In
the RoboCar State Machine controller each State has sixteen Inputs
which are all the combinations of the four proximity sensor 'bumpers',
on or off. Each Input (except No-Bumper) has a menu of six Actions to
try. The Actions are to move forward or backward 10cm, in combination
with turning left or right by 45deg or not turning at all. The
No-Bumper Input always trys to go as far forward as it can. To start
with all Input/Action pairs transition back to the original State and
have equal
probability of being executed.
When the robot hit's something it trys an Action associated with the
specific Input and then evaluates the results
according to two
instincts
(pre-conceived notions of what is "right"):
- I want to go forward;
- I don't want to hit
things.
The evaluation is accumulated by the specific Action and is used as a
probability that the Action will be executed in the future. Low
evaluations become low probabilities and high evaluations become high
probabilities. Some of the evaluation is
back-propagated to previous
Input/Action pairs as well.
Over time the Actions with the best evaluations are executed more often
in response to their Inputs. This is a basic
Reinforcement Learning scheme
implemented as the State Machine transition selection mechanism.
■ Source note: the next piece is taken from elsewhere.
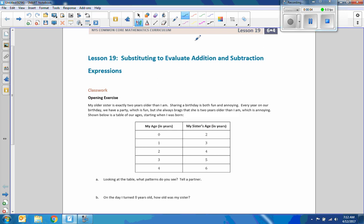Hi there, Mr. Holcomb here with another episode of The Math Behind the Modules. This is Lesson 19, Substituting to Evaluate Addition and Subtraction Expressions.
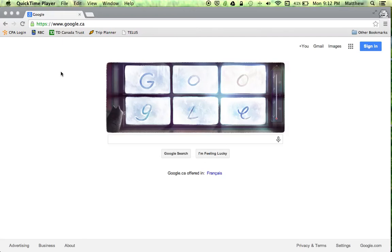This video is going to take us from Google to ufile.ca and then once in ufile we're going to create a new user account.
A second refinement is to add States to the machine when transitions
are used more frequently. This allows the machine to respond to more
complex Input sequences in unique ways. Effectively the machine becomes
a set of Input
histories with
associated Action response sequences. The level of complexity can be
measured by counting the number of States in the machine, and in some
sense is a measure of the complexity of the robot's environment as
well. This is a
Computational
Mechanics interpretation of the machine.